Buy-to-let and bridge-to-let are core products that Monument will launch with, designed to appeal to the bank’s wealthy target audience.
“Many of them have three, four, five, or six properties, and they almost become professional landlords on the side,” says Bhandari.
Monument will also have relationship managers available through voice, video, email, chat and what Bhandari calls co-browsing, where an “RM” can join you on your smartphone while you’re browsing and help advise on a decision.
And the bank’s lending will be funded by a range of savings products, from easy access to fixed savers, with Monument taking a “quite attractive” spread in the middle—“classical 1,000-year-old banking” is how Bhandari describes it.
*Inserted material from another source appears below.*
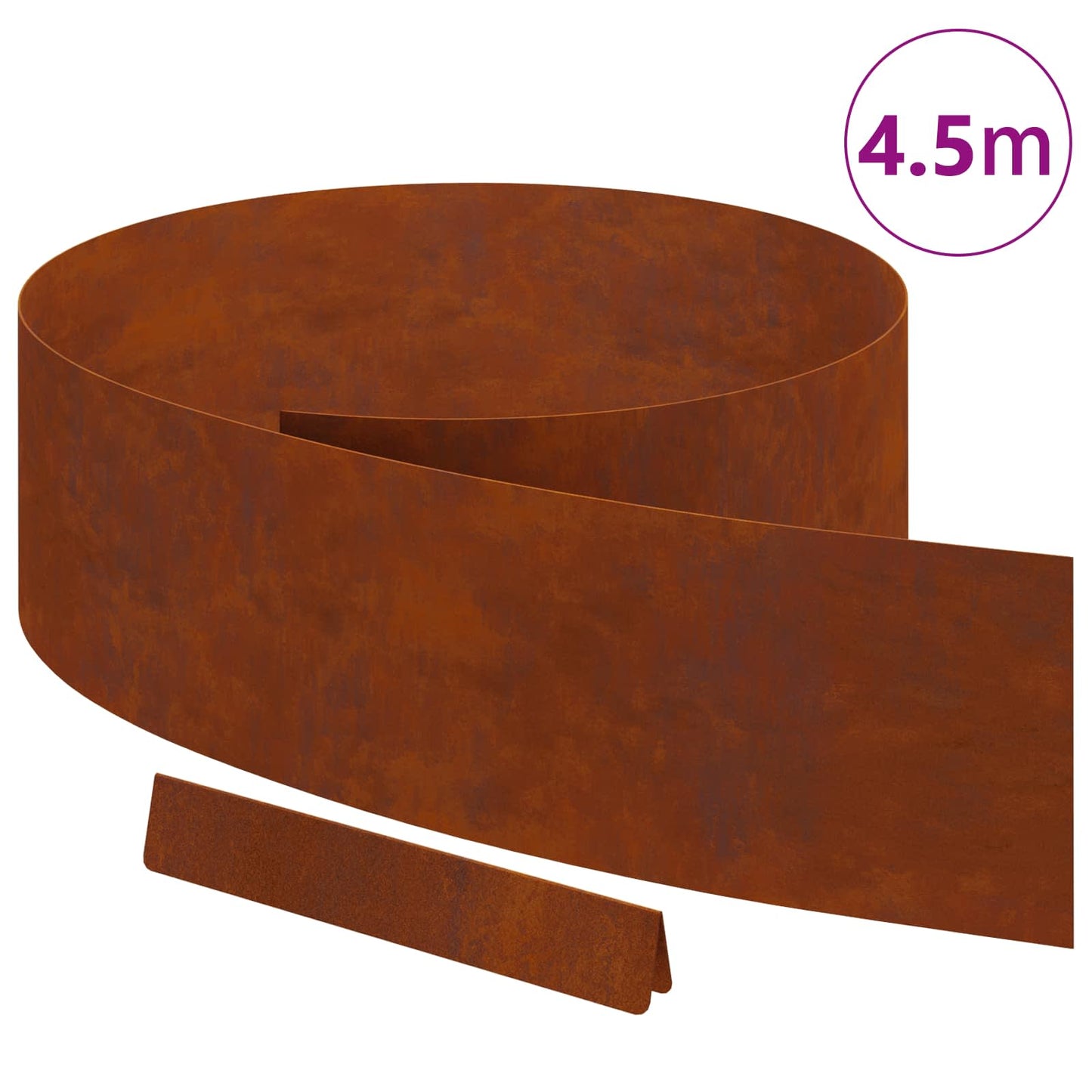 Raseneinfassung 450 x 20 cm Wetterfeststahl Rostig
“So I believe I can get to breakeven, you know ideally I'd like to do it in the first year, on the outside, it'll be in year two,” he says.
Less classical is how Monument will operate, by harnessing the growing power of open banking.
(Metal) card not included
One of the most novel things about Monument’s strategy is that the bank doesn’t intend to offer its customers a bank card, or indeed a current account at all.
Instead, the plan is to connect to a customer’s existing current account, whether with a high street bank or digital challenger, all via the wonders of open banking.
“All we're doing is saying, come to us for service, come to us for better deposit rates, come to us for complex lending.”
But stay where you are for your current account.
Bhandari believes open banking is “nowhere near where it will be in the future”, but that the technology is in place for Monument to offer a seamless lending and deposit experience, without needing to offer a current account.
Fundamentally that slashes Monument’s cost base, and positions the bank more as a high-touch property lender than a jack-of-all-trades current account provider.
Much of what Bhandari describes is unproven, and he’s frank that the bank’s plans will certainly change and evolve as it comes to market.
But, for now, the ambitious founder is outlining a retail digital banking model quite unlike what’s come before.